We click "start," and without thought, we've begun instantly broadcasting our location with incredible accuracy. This data helps athletes stay in tune with pace, heart rate, power ratings, and even step count throughout a workout. Information is easily stored and accessible, so we can analyze the nuances and address any anomalies when working for peak performance. How exactly do our devices track and gather information, and how accessible is this information to people looking to cause harm to unsuspecting users?
How Do Fitness GPS Trackers Work?
Technology giant Garmin states that "global positioning system (GPS) is a satellite-based navigation system made up of at least 24 satellites." Initially developed for military use, GPS began transitioning into civilian life in the 1980s. Today, GPS tracking systems have been integrated into fitness watches and cell phones. When you start your outdoor workout, signals are sent between your device and a series of satellites to pinpoint your location through a process called triangulation.

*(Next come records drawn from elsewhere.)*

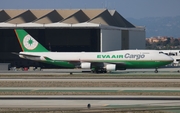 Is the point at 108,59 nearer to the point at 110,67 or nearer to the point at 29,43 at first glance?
the point at 110,67

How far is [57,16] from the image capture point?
11169 centimetres

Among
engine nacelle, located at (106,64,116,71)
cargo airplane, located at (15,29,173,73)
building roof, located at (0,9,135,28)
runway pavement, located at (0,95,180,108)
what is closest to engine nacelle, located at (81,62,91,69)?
cargo airplane, located at (15,29,173,73)

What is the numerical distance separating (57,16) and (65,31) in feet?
15.2

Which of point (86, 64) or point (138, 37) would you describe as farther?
point (138, 37)

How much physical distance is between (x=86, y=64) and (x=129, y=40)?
4127 centimetres

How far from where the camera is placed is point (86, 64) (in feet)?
249

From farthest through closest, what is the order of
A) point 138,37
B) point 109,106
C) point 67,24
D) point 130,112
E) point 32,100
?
point 138,37 < point 67,24 < point 32,100 < point 109,106 < point 130,112

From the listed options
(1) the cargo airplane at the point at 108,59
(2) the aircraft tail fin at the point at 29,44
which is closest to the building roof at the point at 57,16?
(2) the aircraft tail fin at the point at 29,44

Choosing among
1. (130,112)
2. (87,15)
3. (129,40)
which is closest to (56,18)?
(87,15)

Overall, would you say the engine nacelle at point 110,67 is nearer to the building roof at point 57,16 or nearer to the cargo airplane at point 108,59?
the cargo airplane at point 108,59

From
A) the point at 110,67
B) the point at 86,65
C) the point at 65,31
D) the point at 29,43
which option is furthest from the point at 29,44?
the point at 65,31

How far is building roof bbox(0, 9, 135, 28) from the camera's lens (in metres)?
106

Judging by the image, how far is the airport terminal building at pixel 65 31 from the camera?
332ft

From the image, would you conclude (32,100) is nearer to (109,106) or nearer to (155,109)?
(109,106) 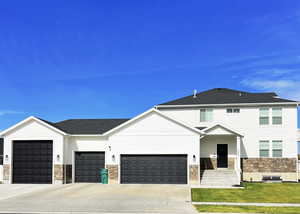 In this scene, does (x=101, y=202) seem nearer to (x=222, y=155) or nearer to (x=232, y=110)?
(x=222, y=155)

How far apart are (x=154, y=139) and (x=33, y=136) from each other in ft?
29.4

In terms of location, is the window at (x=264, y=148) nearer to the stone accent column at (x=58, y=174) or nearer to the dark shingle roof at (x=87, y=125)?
the dark shingle roof at (x=87, y=125)

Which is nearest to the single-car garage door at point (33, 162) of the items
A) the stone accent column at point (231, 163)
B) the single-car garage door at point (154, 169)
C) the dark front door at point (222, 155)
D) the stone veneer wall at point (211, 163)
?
the single-car garage door at point (154, 169)

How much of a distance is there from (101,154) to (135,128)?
11.2 ft

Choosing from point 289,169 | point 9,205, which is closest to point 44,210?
point 9,205

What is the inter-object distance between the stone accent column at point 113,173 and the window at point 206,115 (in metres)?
8.60

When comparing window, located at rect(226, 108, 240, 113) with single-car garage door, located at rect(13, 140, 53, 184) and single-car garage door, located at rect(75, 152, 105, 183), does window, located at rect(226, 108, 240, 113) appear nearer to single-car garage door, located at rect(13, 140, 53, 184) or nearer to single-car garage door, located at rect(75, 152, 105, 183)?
single-car garage door, located at rect(75, 152, 105, 183)

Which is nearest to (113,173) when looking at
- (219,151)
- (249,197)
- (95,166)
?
(95,166)

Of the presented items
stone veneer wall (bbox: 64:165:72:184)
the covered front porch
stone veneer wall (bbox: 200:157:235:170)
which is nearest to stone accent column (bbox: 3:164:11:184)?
stone veneer wall (bbox: 64:165:72:184)

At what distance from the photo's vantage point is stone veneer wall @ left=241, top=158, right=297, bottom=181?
25.1 metres

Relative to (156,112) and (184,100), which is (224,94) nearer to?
(184,100)

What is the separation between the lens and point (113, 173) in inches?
900

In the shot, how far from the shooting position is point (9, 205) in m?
13.2

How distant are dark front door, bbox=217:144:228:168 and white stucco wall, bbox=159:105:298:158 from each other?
5.40ft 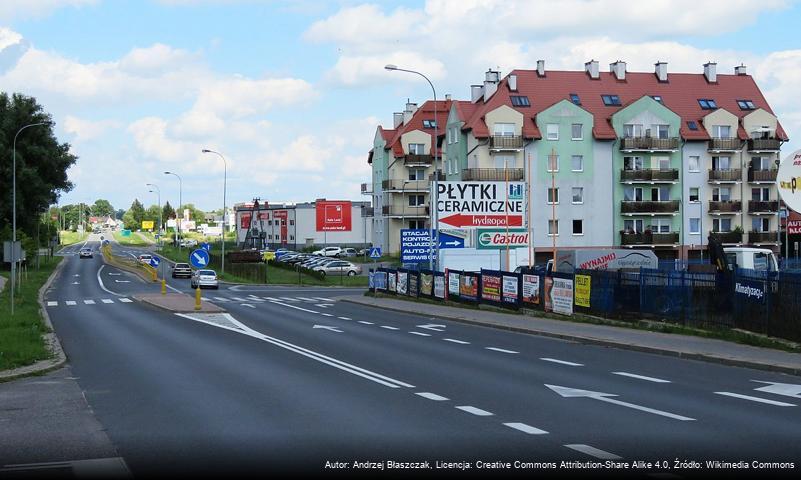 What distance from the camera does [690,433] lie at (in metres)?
10.1

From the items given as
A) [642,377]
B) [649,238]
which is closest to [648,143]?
[649,238]

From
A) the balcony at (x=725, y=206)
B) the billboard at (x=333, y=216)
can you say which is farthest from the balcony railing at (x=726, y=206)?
the billboard at (x=333, y=216)

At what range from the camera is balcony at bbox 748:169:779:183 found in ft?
250

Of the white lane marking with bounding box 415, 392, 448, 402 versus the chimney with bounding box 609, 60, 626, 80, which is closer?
the white lane marking with bounding box 415, 392, 448, 402

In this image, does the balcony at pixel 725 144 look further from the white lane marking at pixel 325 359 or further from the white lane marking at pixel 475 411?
the white lane marking at pixel 475 411

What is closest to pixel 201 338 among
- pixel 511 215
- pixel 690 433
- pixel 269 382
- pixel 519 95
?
pixel 269 382

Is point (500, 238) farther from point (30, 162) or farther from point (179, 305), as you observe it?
point (30, 162)

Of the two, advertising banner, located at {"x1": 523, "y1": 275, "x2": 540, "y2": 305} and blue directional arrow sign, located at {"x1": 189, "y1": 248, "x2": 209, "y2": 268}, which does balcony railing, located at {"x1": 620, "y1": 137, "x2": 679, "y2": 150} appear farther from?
blue directional arrow sign, located at {"x1": 189, "y1": 248, "x2": 209, "y2": 268}

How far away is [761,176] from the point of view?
251 feet

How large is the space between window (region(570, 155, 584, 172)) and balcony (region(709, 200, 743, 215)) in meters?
11.5

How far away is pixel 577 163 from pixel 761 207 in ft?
52.9

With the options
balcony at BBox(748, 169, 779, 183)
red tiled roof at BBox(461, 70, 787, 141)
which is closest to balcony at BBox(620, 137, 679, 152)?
red tiled roof at BBox(461, 70, 787, 141)

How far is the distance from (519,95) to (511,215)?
32.9 meters

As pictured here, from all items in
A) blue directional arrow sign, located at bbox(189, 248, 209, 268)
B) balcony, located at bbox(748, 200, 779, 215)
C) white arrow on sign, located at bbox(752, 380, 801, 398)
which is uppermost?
balcony, located at bbox(748, 200, 779, 215) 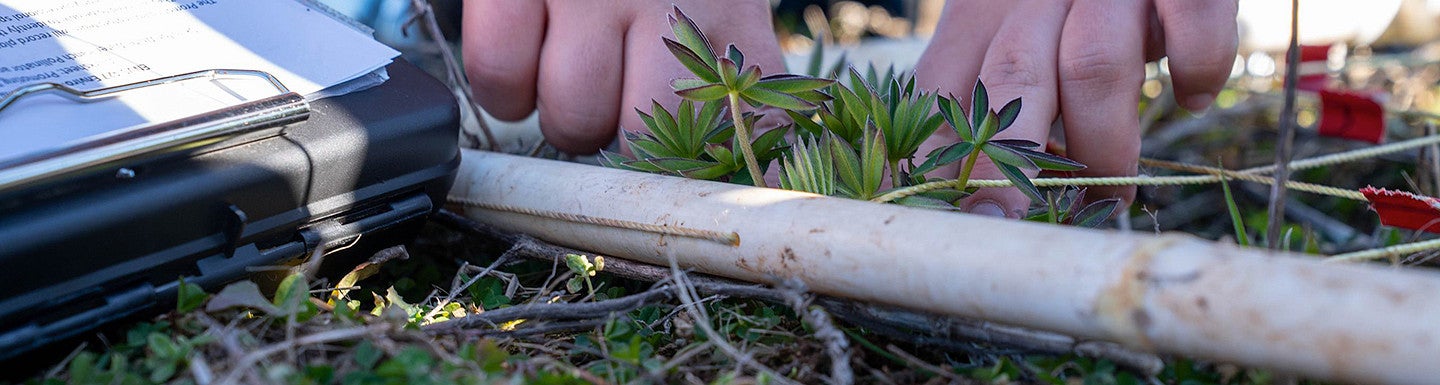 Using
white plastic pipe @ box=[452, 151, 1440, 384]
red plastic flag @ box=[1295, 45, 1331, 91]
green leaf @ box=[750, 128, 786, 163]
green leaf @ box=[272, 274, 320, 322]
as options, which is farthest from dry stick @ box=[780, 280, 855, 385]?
red plastic flag @ box=[1295, 45, 1331, 91]

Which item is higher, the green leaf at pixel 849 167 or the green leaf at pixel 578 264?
the green leaf at pixel 849 167

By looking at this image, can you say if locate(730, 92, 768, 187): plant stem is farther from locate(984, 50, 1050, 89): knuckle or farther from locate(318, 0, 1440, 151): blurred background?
locate(318, 0, 1440, 151): blurred background

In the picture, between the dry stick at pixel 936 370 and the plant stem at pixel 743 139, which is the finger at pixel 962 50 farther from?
the dry stick at pixel 936 370

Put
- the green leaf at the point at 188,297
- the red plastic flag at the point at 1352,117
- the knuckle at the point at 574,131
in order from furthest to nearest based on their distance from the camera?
the red plastic flag at the point at 1352,117
the knuckle at the point at 574,131
the green leaf at the point at 188,297

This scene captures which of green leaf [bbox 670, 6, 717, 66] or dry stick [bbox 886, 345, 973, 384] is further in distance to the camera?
green leaf [bbox 670, 6, 717, 66]

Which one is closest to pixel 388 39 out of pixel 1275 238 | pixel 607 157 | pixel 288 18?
pixel 288 18

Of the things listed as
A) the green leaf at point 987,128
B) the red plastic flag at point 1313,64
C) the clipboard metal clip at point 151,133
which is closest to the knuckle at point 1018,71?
the green leaf at point 987,128

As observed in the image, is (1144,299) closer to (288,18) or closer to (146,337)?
(146,337) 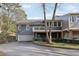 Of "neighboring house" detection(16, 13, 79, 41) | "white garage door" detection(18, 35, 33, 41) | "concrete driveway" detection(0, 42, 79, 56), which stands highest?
"neighboring house" detection(16, 13, 79, 41)

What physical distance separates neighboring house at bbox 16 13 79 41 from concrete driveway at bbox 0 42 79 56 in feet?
0.39

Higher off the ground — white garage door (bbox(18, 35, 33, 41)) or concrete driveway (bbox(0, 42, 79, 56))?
white garage door (bbox(18, 35, 33, 41))

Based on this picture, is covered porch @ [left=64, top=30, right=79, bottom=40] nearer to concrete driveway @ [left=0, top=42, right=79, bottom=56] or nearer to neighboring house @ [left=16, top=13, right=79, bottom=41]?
neighboring house @ [left=16, top=13, right=79, bottom=41]

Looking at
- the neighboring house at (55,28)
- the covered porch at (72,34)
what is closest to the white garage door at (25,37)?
the neighboring house at (55,28)

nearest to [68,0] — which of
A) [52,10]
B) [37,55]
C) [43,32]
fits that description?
[52,10]

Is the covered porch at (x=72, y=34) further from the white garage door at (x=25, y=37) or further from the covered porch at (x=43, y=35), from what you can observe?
the white garage door at (x=25, y=37)

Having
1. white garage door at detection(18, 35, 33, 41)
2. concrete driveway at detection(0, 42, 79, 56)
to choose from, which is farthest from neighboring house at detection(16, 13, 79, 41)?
concrete driveway at detection(0, 42, 79, 56)

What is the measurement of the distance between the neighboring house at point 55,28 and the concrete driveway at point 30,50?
12cm

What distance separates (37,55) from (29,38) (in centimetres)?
33

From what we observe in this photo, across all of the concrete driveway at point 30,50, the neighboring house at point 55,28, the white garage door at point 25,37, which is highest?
the neighboring house at point 55,28

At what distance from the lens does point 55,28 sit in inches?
219

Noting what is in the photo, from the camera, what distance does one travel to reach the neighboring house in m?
5.53

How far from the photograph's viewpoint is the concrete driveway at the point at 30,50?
18.0 feet

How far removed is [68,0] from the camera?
5535 millimetres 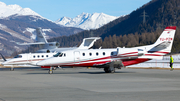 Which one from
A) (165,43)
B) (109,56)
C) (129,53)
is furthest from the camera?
(109,56)

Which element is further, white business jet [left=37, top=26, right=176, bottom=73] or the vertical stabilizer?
white business jet [left=37, top=26, right=176, bottom=73]

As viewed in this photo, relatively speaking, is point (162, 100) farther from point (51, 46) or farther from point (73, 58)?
point (51, 46)

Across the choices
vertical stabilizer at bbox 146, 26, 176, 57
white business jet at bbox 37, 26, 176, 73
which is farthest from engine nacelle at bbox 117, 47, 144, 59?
vertical stabilizer at bbox 146, 26, 176, 57

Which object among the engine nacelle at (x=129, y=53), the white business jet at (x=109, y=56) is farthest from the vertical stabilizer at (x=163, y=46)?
the engine nacelle at (x=129, y=53)

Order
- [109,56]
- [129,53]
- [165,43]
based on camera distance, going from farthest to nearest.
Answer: [109,56], [129,53], [165,43]

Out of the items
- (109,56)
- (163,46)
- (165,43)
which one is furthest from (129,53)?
(165,43)

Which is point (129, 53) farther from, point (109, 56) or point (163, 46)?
point (163, 46)

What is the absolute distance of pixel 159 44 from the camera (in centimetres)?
3072

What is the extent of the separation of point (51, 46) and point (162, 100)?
6296 cm

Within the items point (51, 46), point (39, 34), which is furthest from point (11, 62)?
point (39, 34)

According to Dan Lund of TomTom, "triangulation is a way to determine the difference between the time that your device receives a GPS signal and the time that GPS signal was sent to your device. The difference between sending and receiving a GPS signal determines how far away the satellite is." This process happens in real-time, allowing you to know where you are in real-time as well as the speed and direction you're heading.
How Is Information From Fitness Trackers Stored?
Most fitness trackers, both watches and cellphones, have applications integrated to compile data from workouts. Information such as route, time of day, pace, and potentially vitals such as heart rate and oxygen levels are saved to an account for future reference. Often this information is backed up to a cloud-based service as well. Storage of this information can be wildly beneficial when gearing up for a goal race, but this information can quickly become public if precautions aren't taken in advance.
How Can Someone Access My Information?
One of the most common ways people access data is taking advantage of athletes that have applications or profiles set to "public." For example, runners using a Strava account can set their profile to private or public. If a profile is set to public, current and past information, including route and location of training, can be easily found.
Another way people or companies access information is through voluntary submission. Companies have realized human tendencies to rush through the fine print when signing up for a new service. In Garmins' end-user agreement, they clearly state, "If you elect to use location-based services on the application, such as weather, the physical location of your device will be collected to provide you with such location-based services." Having up-to-date weather reports can be vital when training, but if you carry your smartphone when training, there's no sense in having multiple devices broadcasting the same information.
Hack. According to The Gadgets Judge, many users are unaware that by gaining access to a fitness tracker, culprits may gain access to a smartphone via a Bluetooth connection. This may not be a significant concern for most athletes playing the game of odds, but it's something to be aware of and perhaps calls for a review of security practices.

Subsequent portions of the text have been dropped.